日本地球惑星科学連合2014年大会

講演情報

インターナショナルセッション(口頭発表)

セッション記号 U (ユニオン) » ユニオン

[U-01_1PM2] Forum for Global Data Sciences in Earth and Planetary Research

2014年5月1日(木) 16:15 〜 18:00 419 (4F)

コンビーナ:*村山 泰啓(独立行政法人 情報通信研究機構)、小池 俊雄(東京大学大学院工学系研究科社会基盤学専攻)、大石 雅寿(国立天文台天文データセンター)、喜連川 優(東京大学生産技術研究所)、柴崎 亮介(東京大学空間情報科学研究センター)、渡辺 堯(名古屋大学太陽地球環境研究所)、座長:村山 泰啓(独立行政法人 情報通信研究機構)、渡辺 堯(名古屋大学太陽地球環境研究所)

16:35 〜 17:05

[U01-21] Making Dynamic Data Citable: Approaches to Data Citation within the Context of the RDA Working Group

*Rauber Andreas1 (1.Vienna University of Technology)

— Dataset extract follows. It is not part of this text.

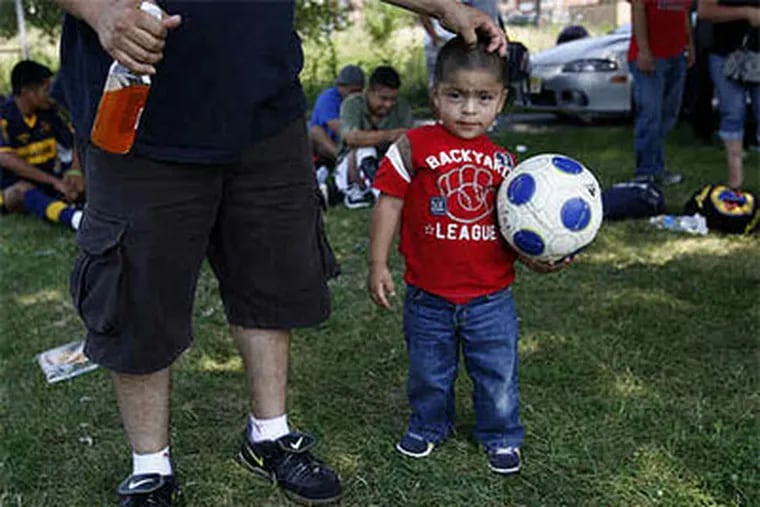 Come Sunday, soccer leagues are a hands-down winner in many area neighborhoods. In Camden, 2-year-old Robert Gonzalez and his father, Victor, are ready for action to begin. (Michael S. Wirtz / Staff Photographer)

キーワード:Research Data Alliance, data citation, dynamic data, information technology, interoperability

Being able to reliably and efficiently identify entire or subsets of data in large and dynamically growing or changing datasets constitutes a significant challenge for a range of research domains. In order to repeat an earlier study, to apply data from an earlier study to a new model, we need to be able to precisely identify the very subset of data used. While verbal descriptions of how the subset was created (e.g. by providing selected attribute ranges and time intervals) are hardly precise enough and do not support automated handling, keeping redundant copies of the data in question does not scale up to the big data settings encountered in many disciplines today. Furthermore, we need to be able to handle situations where new data gets added or existing data gets corrected or otherwise modified over time. Conventional approaches, such as assigning persistent identifiers to entire data sets or individual subsets or data items, are thus not sufficient.In this talk we will review the challenges identified above and discuss solutions that are currently elaborated within the context of the working group of the Research Data Alliance (RDA) on Data Citation: Making Dynamic Data Citable. These approaches are based on versioned and time-stamped data sources, with persistent identifiers being assigned to the time-stamped queries/expressions that are used for creating the subset of data. We will further review examples of how these can be implemented for different types of data and see how this fits into the larger context of activities on Data Citation.